How do you get that when you diffrentiate f(x)? Ok, lets talk about the first term which is cos(a)/1!, isn't the derivative -sin(a)?
How come it becomes -sin(a)/2?

#### Jameson

Staff member
Sudharaka said:
$f(x) = \frac{\cos(a)}{1!} - \frac{\sin(a)}{2!}(x - a) - \frac{\cos(a)}{3!}(x - a)^2 + \frac{sin(a)}{4!}(x - a)^3 +\cdots$

therefore,

$f'(x)=-\frac{\sin(a)}{2!}- 2\frac{\cos(a)}{3!}(x - a) + 3\frac{sin(a)}{4!}(x - a)^2 +\cdots$

$\rightarrow f'(a)=-\frac{\sin(a)}{2}$
Take a look at the quoted part of Sudharaka's post. Let's start with f(x).

$f(x) = \frac{\cos(a)}{1!} - \frac{\sin(a)}{2!}(x - a) - \frac{\cos(a)}{3!}(x - a)^2 + \frac{sin(a)}{4!}(x - a)^3 +\cdots$

If we want to find $f'(x)$ we can differentiate this above expression term by term to do so.

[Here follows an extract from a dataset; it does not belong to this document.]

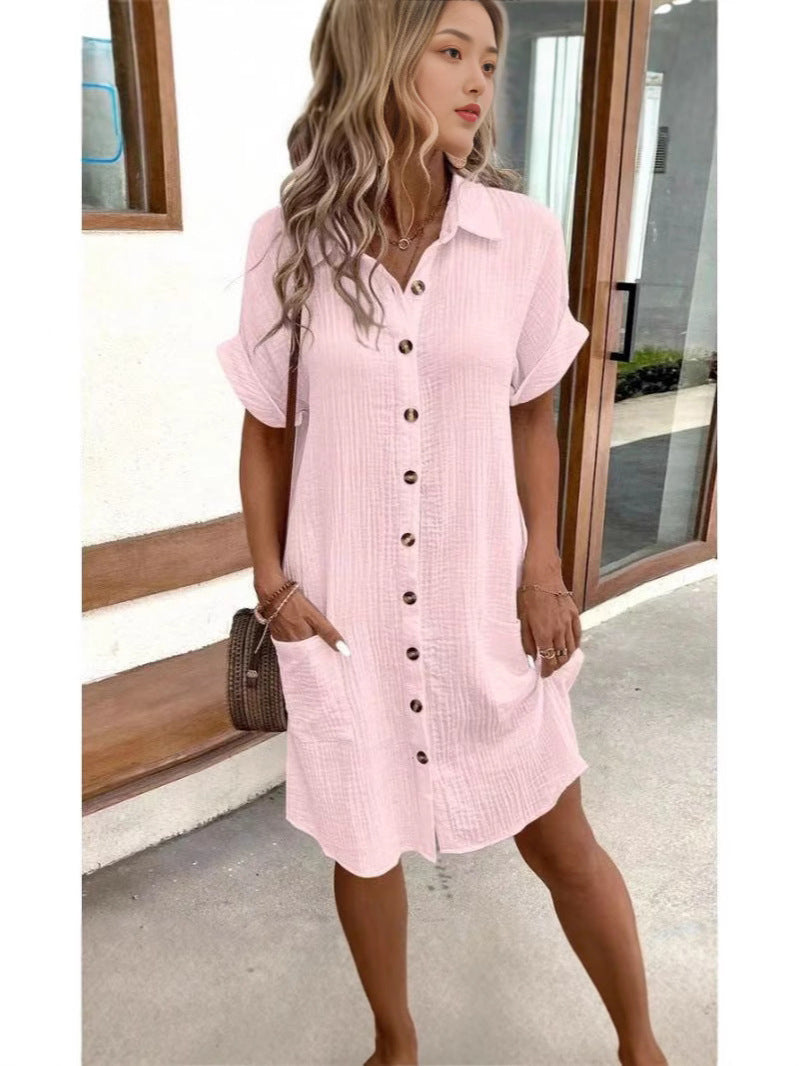 Women's Casual Solid Color Cotton Linen Breasted Mid-length Sleeve Clothing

When we do that we'll see a convenient pattern for the case when $x=a$.

The first term $$\displaystyle \frac{\cos(a)}{1!}$$ is a constant so it's derivative is 0.

The next term $$\displaystyle - \frac{\sin(a)}{2!}(x - a)$$ has a derivative of $$\displaystyle -\frac{\sin(a)}{2!}$$. This might be tricky to see at first but remember that $$\displaystyle - \frac{\sin(a)}{2!}$$ is just a constant term and the only variable we are worrying about is x. If that's tricky to see then try distributing $$\displaystyle - \frac{\sin(a)}{2!}$$ and then taking the derivative.

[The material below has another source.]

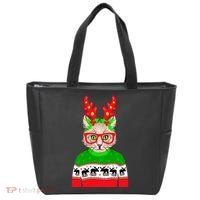 Funny Hipster Christmas Party Cat Tote Bag thumb 0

The third term has a derivative of $$\displaystyle - 2\frac{\cos(a)}{3!}(x - a)$$. This is just using the power rule. It has an exponent of 2 so we bring that exponent down in front of the expression, reduce the exponent by 1 and then multiply by the derivative of the inner function (chain rule). In this case the inner function is $(x-a)$ so it's derivative is just 1.

If you keep going like this you'll get the same thing that Sudharaka posted. Now here's the important thing to notice. Look at $f'(x)$. Do you notice how all of the terms except for the first one contain $(x-a)$ in them? What happens when you look at $f'(a)$? You should take f'(x) and replace all of the x's with a. This causes all of the terms with $(x-a)$ in them to be $(a-a)=0$ and they all cancel out. Thus you are only left with the first term.

#### aruwin

##### Member
Take a look at the quoted part of Sudharaka's post. Let's start with f(x).

$f(x) = \frac{\cos(a)}{1!} - \frac{\sin(a)}{2!}(x - a) - \frac{\cos(a)}{3!}(x - a)^2 + \frac{sin(a)}{4!}(x - a)^3 +\cdots$

If we want to find $f'(x)$ we can differentiate this above expression term by term to do so. When we do that we'll see a convenient pattern for the case when $x=a$.

The first term $$\displaystyle \frac{\cos(a)}{1!}$$ is a constant so it's derivative is 0.

The next term $$\displaystyle - \frac{\sin(a)}{2!}(x - a)$$ has a derivative of $$\displaystyle -\frac{\sin(a)}{2!}$$. This might be tricky to see at first but remember that $$\displaystyle - \frac{\sin(a)}{2!}$$ is just a constant term and the only variable we are worrying about is x. If that's tricky to see then try distributing $$\displaystyle - \frac{\sin(a)}{2!}$$ and then taking the derivative.

The third term has a derivative of $$\displaystyle - 2\frac{\cos(a)}{3!}(x - a)$$. This is just using the power rule. It has an exponent of 2 so we bring that exponent down in front of the expression, reduce the exponent by 1 and then multiply by the derivative of the inner function (chain rule). In this case the inner function is $(x-a)$ so it's derivative is just 1.

If you keep going like this you'll get the same thing that Sudharaka posted. Now here's the important thing to notice. Look at $f'(x)$. Do you notice how all of the terms except for the first one contain $(x-a)$ in them? What happens when you look at $f'(a)$? You should take f'(x) and replace all of the x's with a. This causes all of the terms with $(x-a)$ in them to be $(a-a)=0$ and they all cancel out. Thus you are only left with the first term.
Ah, now I see it!! Thank you so much!